Crawled caption data

*** Begin section ***

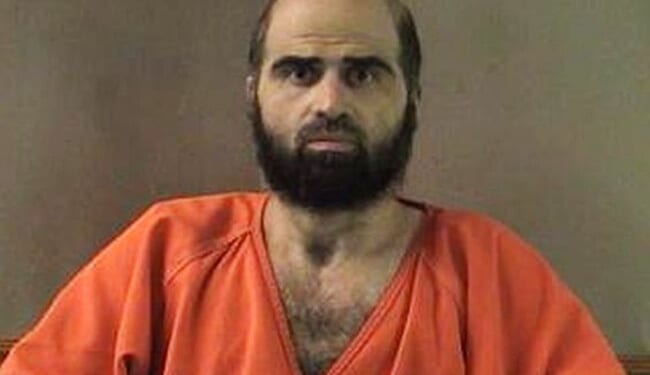 Nidal Hasan Is a Paraplegic. Why on Earth Should We Care? – HotAir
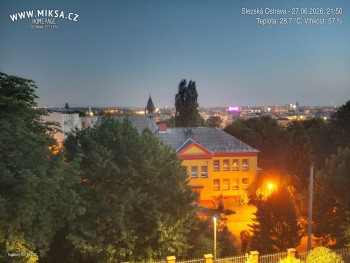 Město Ostrava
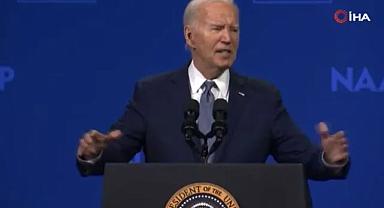 Joe Biden'dan siyasette tansiyonu düşürme çağrısı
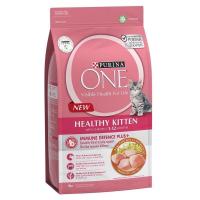 ราคา อาหารแมว Purina One เพียวริน่า วัน ขนาด 380 400 กรัม (10662870479)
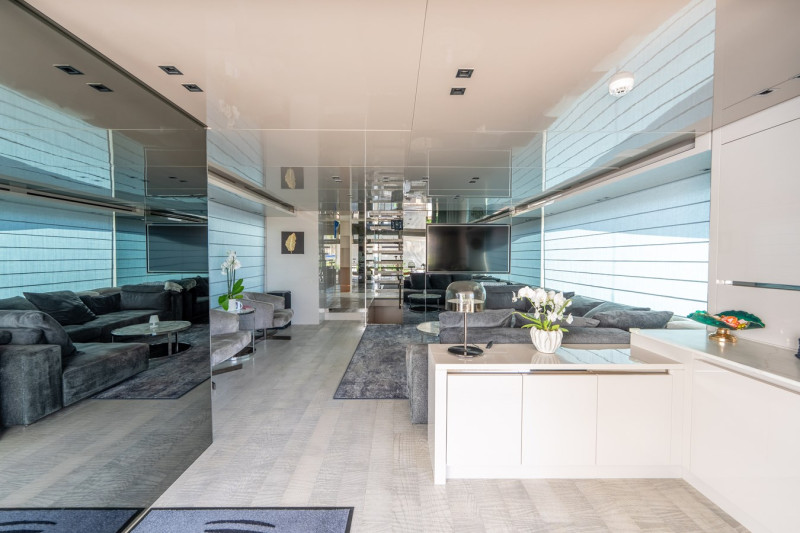 2018 87' 7" SANLORENZO YACHTS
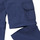 vaatteet Tytöt 5-taskuiset housut Columbia SILVER RIDGE IV CONVTIBLE PANT Laivastonsininen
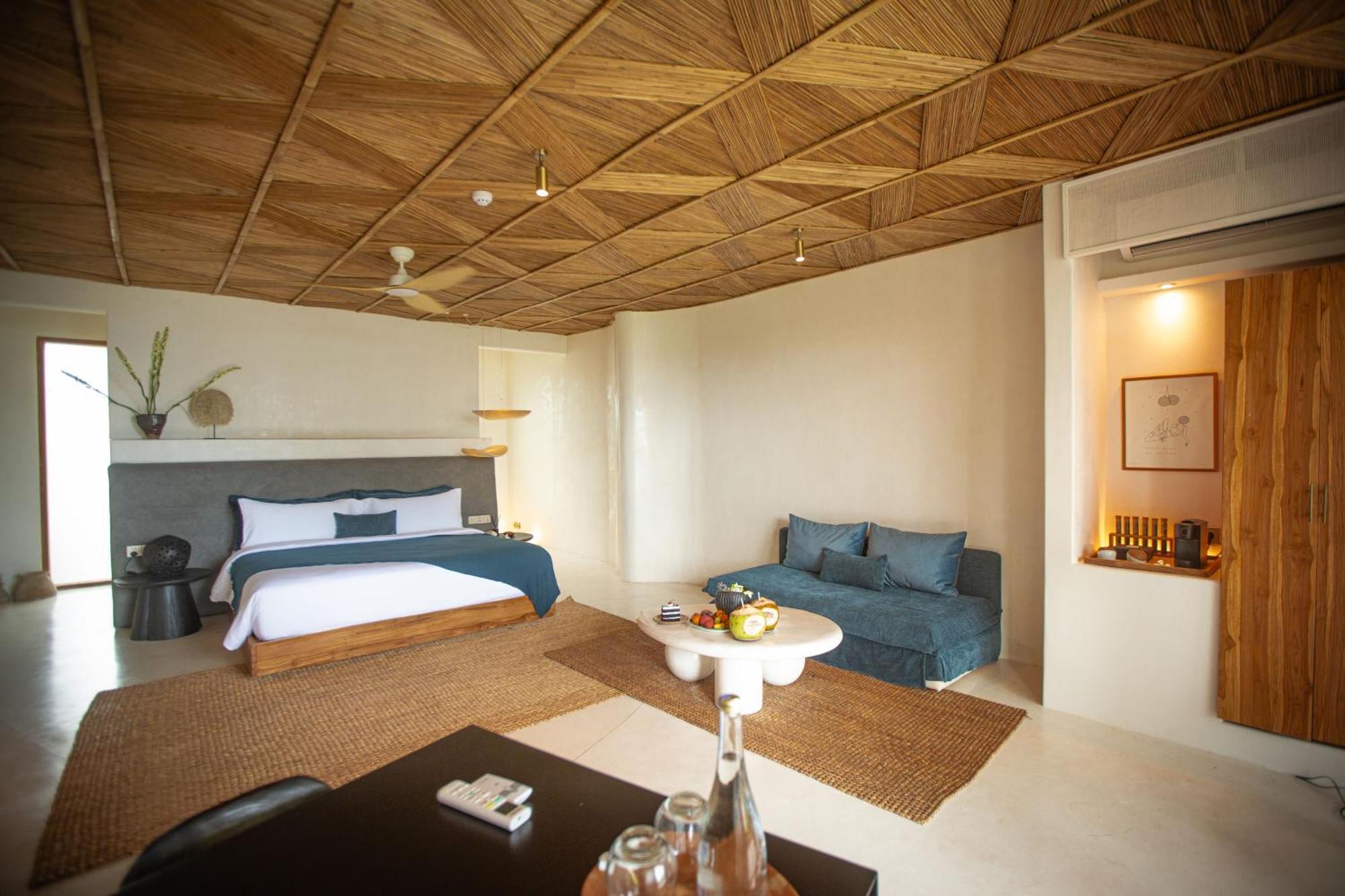 Oshom Bali At Nuanu Creative City Tanah Lot Kamer foto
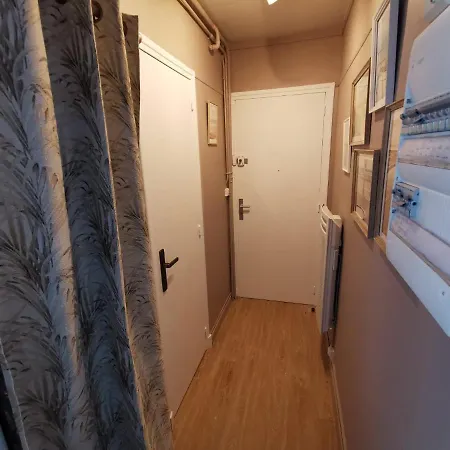 Envolée Marine Pour 3 Pers - Berck-plage - 250m Et Commerces Appartement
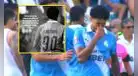 Jugador de Sporting Cristal que sufrió INSULTO RACISTA dejó DESGARRADOR MENSAJE: "Solo pido acción..."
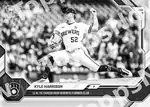 Kyle Harrison - 2026 MLB Topps NOW® - Card 281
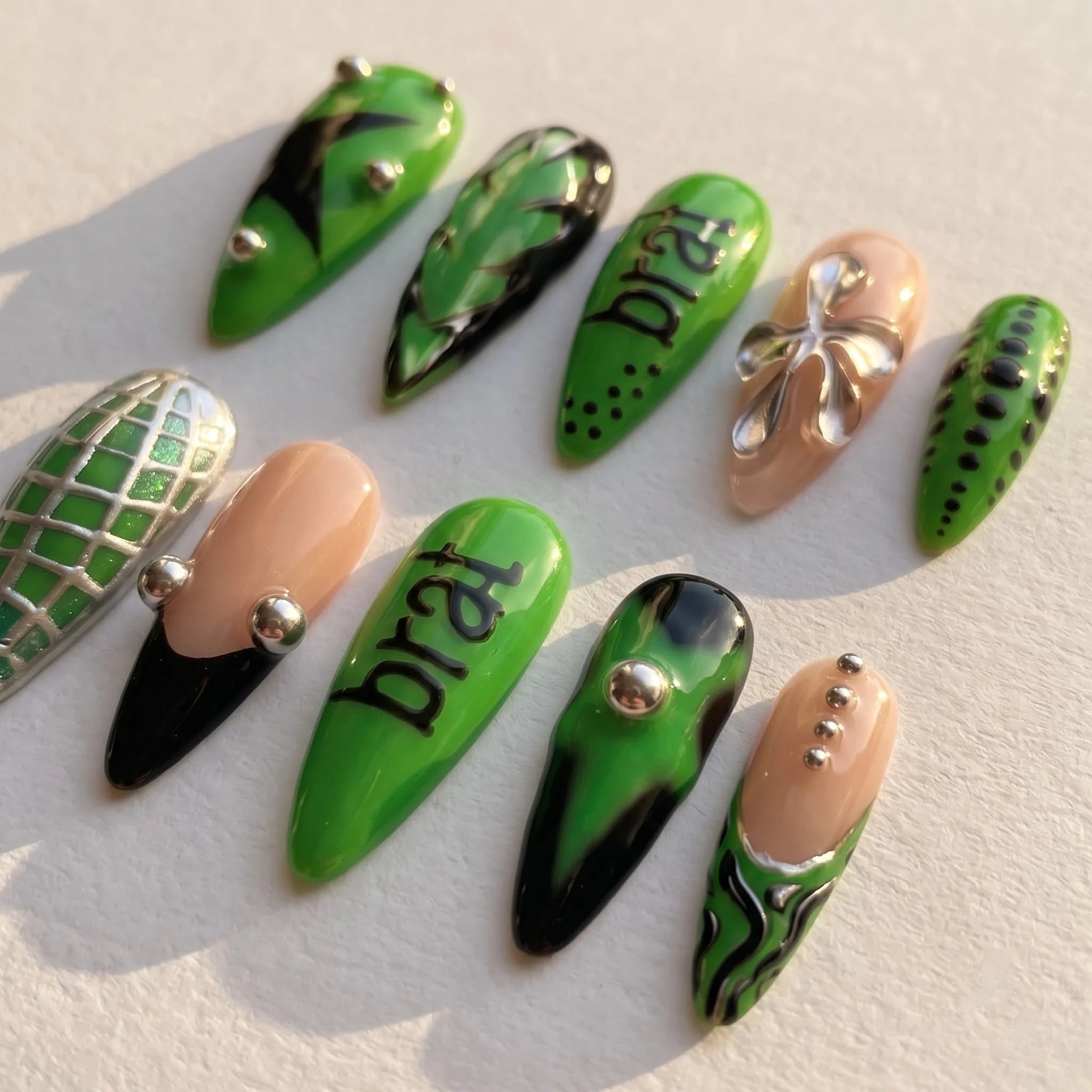 Lime Riot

*** End section ***

* Prompt
Exact output of each line above is wanted, without the pictures.

* Exercise answer
 Nidal Hasan Is a Paraplegic. Why on Earth Should We Care? – HotAir
 Město Ostrava
 Joe Biden'dan siyasette tansiyonu düşürme çağrısı
 ราคา อาหารแมว Purina One เพียวริน่า วัน ขนาด 380 400 กรัม (10662870479)
 2018 87' 7" SANLORENZO YACHTS
 vaatteet Tytöt 5-taskuiset housut Columbia SILVER RIDGE IV CONVTIBLE PANT Laivastonsininen
 Oshom Bali At Nuanu Creative City Tanah Lot Kamer foto
 Envolée Marine Pour 3 Pers - Berck-plage - 250m Et Commerces Appartement
 Jugador de Sporting Cristal que sufrió INSULTO RACISTA dejó DESGARRADOR MENSAJE: "Solo pido acción..."
 Kyle Harrison - 2026 MLB Topps NOW® - Card 281
 Lime Riot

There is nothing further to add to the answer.